US20080313202A1

US20080313202A1 - Method and apparatus for semantic keyword clusters generation

Info

Publication number: US20080313202A1
Application number: US11/811,657
Authority: US
Inventors: Yakov Kamen
Original assignee: Individual
Current assignee: Individual
Priority date: 2007-06-12
Filing date: 2007-06-12
Publication date: 2008-12-18

Abstract

A method and apparatus in accordance with the invention which, for any given keyword, generate a semantic keyword cluster of meanings and associated proximity scores.

Description

CROSS-REFERENCE TO RELATED APPLICATIONS

This application claims the benefit of provisional patent filed 2006 Jun. 11 by the present inventor

FEDERALLY SPONSORED RESEARCH

Not applicable

SEQUENCE LISTING OF PROGRAM

Not applicable

BACKGROUND OF THE INVENTION

This invention pertains to technology used for data search, particularly data search over the Internet.
Search requests are usually described by keywords or search queries. Each keyword consists of single or multiple words or terms. In many applications, it would be extremely beneficial to understand how relevant (or semantically close) two different keywords are. Such knowledge could be used to define contextual advertisement bidding strategies, generate advertisement content, reconstruct people's search intentions, discover latent ties between people and documents, and more.
Successful attempts to create a method and apparatus that would numerically estimate keyword's relevance are unknown today. The problem is mathematical in nature. It may be possible to determine proximity for all single-term keywords although it would require approximately 50 billion word comparisons. Any attempt to compare all keywords of two or more terms would be virtually impossible due to the high amount of required computations. As a result, the simple question of how relevant keywords “British agent 007” and “James Bond” are to each other is still open today.
The proposed invention defines a method and apparatus to compute keywords' proximity by creation of a set of neighbor keywords (keyword clusters) using novel keyword proximity measurement technology.

SUMMARY

The main idea of the invention is to find semantic neighbor keywords (referred herein as “meanings”, or “neighbors”) for a set of predefined “seed” keywords but not for all keywords (see FIG. 1). As a result of such operation we will create limited size cluster of semantically close keywords (called herein a “Semantic Keyword Cluster”, or “SKC”) around each seed keyword. We also propose to compute a special proximity measure (called herein a “proximity score”, “relevance”, “proximity”, or “score”) between each SKC meaning and SKC seed keyword (see FIG. 2).

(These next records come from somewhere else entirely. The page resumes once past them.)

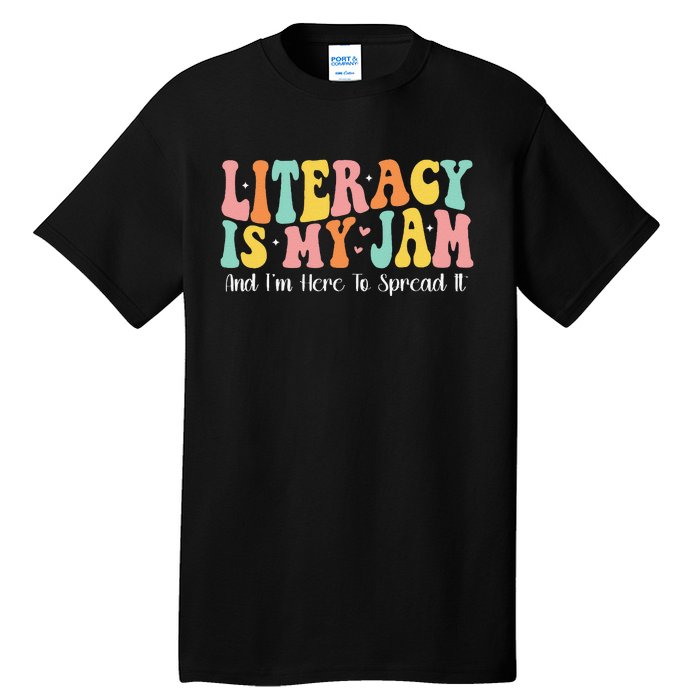 Groovy Literacy Is My Jam And IM Here To Spread It Tall T-Shirt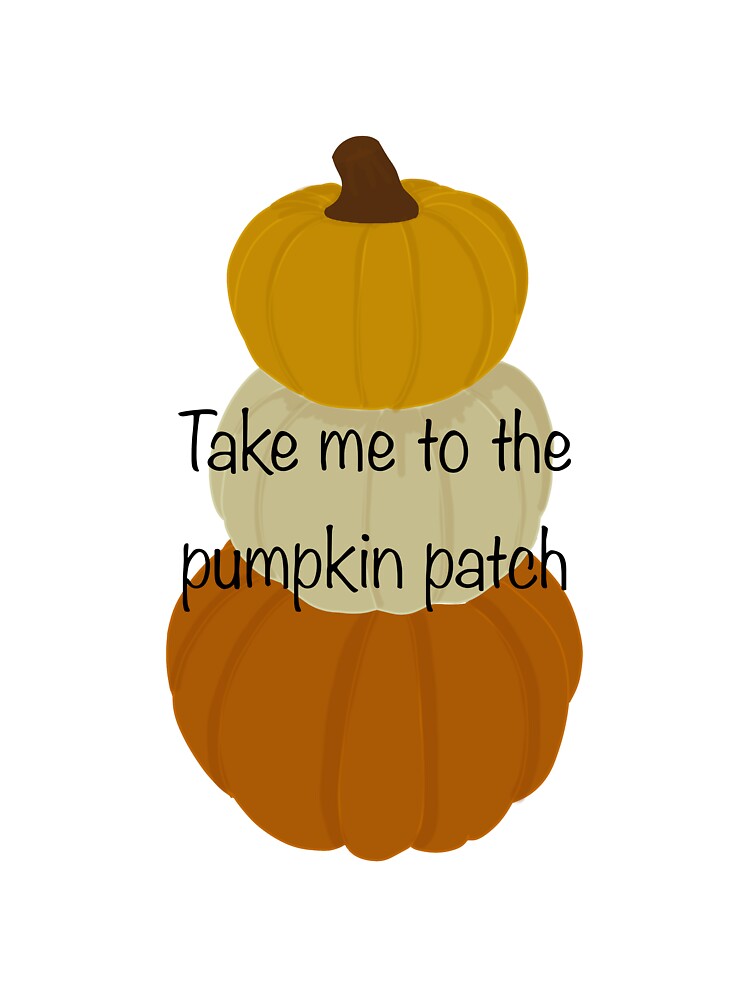 Take me to the pumpkin patch by THEEmermaid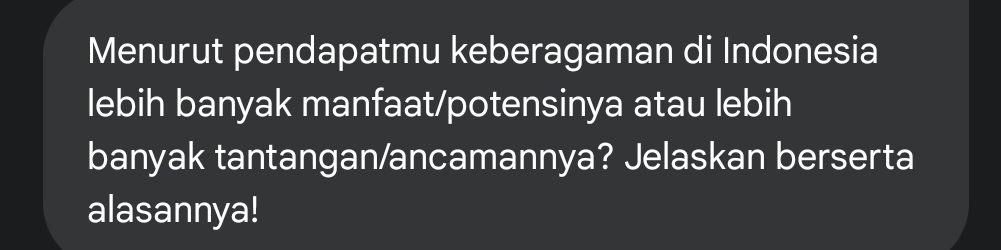 Menurut pendapatmu keberagaman di Indonesia 
lebih banyak manfaat/potensinya atau lebih 
banyak tantangan/ancamannya? Jelaskan berserta 
alasannya!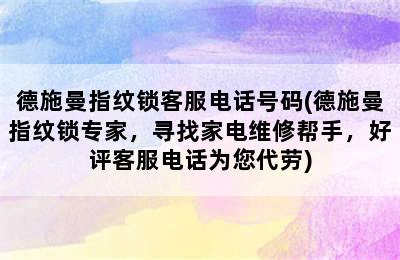 德施曼指纹锁客服电话号码(德施曼指纹锁专家，寻找家电维修帮手，好评客服电话为您代劳)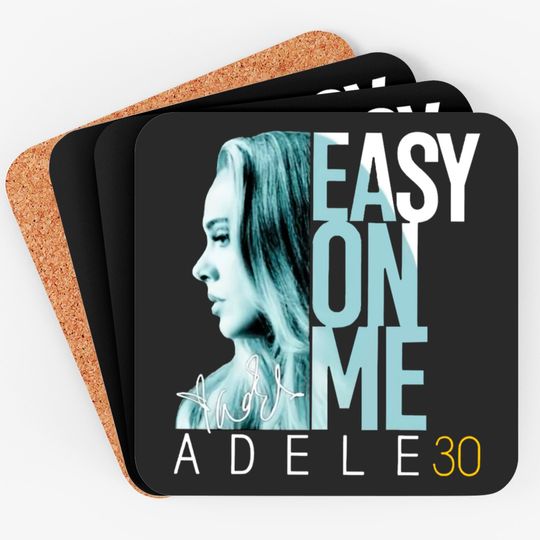 Easy On Me Adele 30 Signature Coaster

As a result, for every seed keyword we will generate an SKC of meanings with an assigned proximity score number for each meaning. (see FIG. 3).
In one embodiment of the invention an SKC is generated by crawling the Internet, collecting a specific set of Internet pages, extracting keywords from those pages, and computing keyword's proximity scores.
In one embodiment of the invention an SKC is generated by sending sequences of keywords to one or more Search Engines, collecting pages with search engine matches, extracting keywords from these pages, and computing keyword's proximity scores.
In one embodiment of the invention an SKC is generated by sending sequences of keywords to one or more Search Engines and one or more encyclopedia sites, collecting pages or page snippets with search engine matches and encyclopedia articles, extracting keywords from these pages and articles, and computing keyword's proximity scores.
In one embodiment of the invention a seed keyword is replaced with another keyword using a pre-defined algorithm or human interaction.
In one embodiment of the invention a seed keyword is replaced with a set of seed keywords accompanied by their relative weight coefficients. For each keyword a separate SKC is generated. The final SKC is computed as an aggregation of all seed keywords' SKCs from the above set using associated weight coefficients and other known art aggregation procedures.
In one embodiment of the invention the said set is created by at least one or a combination of the following: (i) replacing a word in the seed keyword with its plural/singular form, (ii) replacing a word in the seed keyword by stemming, (iii) replacing a word in the seed keyword with its synonym, (iv) replacing the seed keyword with a seed keyword made by permutation of words in the original seed keyword; (v) replacing the seed keyword with a seed keyword containing a subset of words in the original seed keyword.
In one embodiment of the invention the SKC and meanings proximity scores are generated using statistical analysis algorithms.
In one embodiment of the invention the statistical analysis algorithm creates a proximity score as a function of the frequency of occurrences of at least one of: a single word occurrence frequency, a word pair occurrence frequency, a word triple occurrence frequency, a word N-tuple occurrence frequency.
In one embodiment of the invention the SKC and meaning proximity scores are generated using human interactions.
In one embodiment of the invention the method and apparatus finds for a chosen seed keyword one or more different seed keywords (called “backlinks” or “reverse keywords”) that use such chosen seed keyword as their meaning in their relevant SKCs. For a backlink keyword the invention computes a backlink proximity score for the chosen keyword and aggregates backlink keywords into the chosen seed keyword's SKC as a special backlink meaning.
In one embodiment of the invention SKC size can be defined dynamically based on a relative proximity score.
In one embodiment of the invention SKC size can be defined statically and changed interactively based on SKC size criteria.
In one embodiment of the invention the SKC of a seed keyword can be extended by aggregation with at least one of the following: (i) a SKC of the seed keyword's neighbor, (ii) a SKC of the seed keyword's neighbor's neighbor, (iii) a SKC of the seed keyword's neighbor's neighbor's neighbor etc. up to arbitrary level of indirection. The above extension is called extension by transitive closure of the keyword-neighbor (meaning) relationship.
In one embodiment of the invention the SKC of a seed keyword can be extended by transitive closure of the neighbor-keyword relationship where neighbor-keyword relationship is defined as inverse relationship to the keyword-neighbor relationship.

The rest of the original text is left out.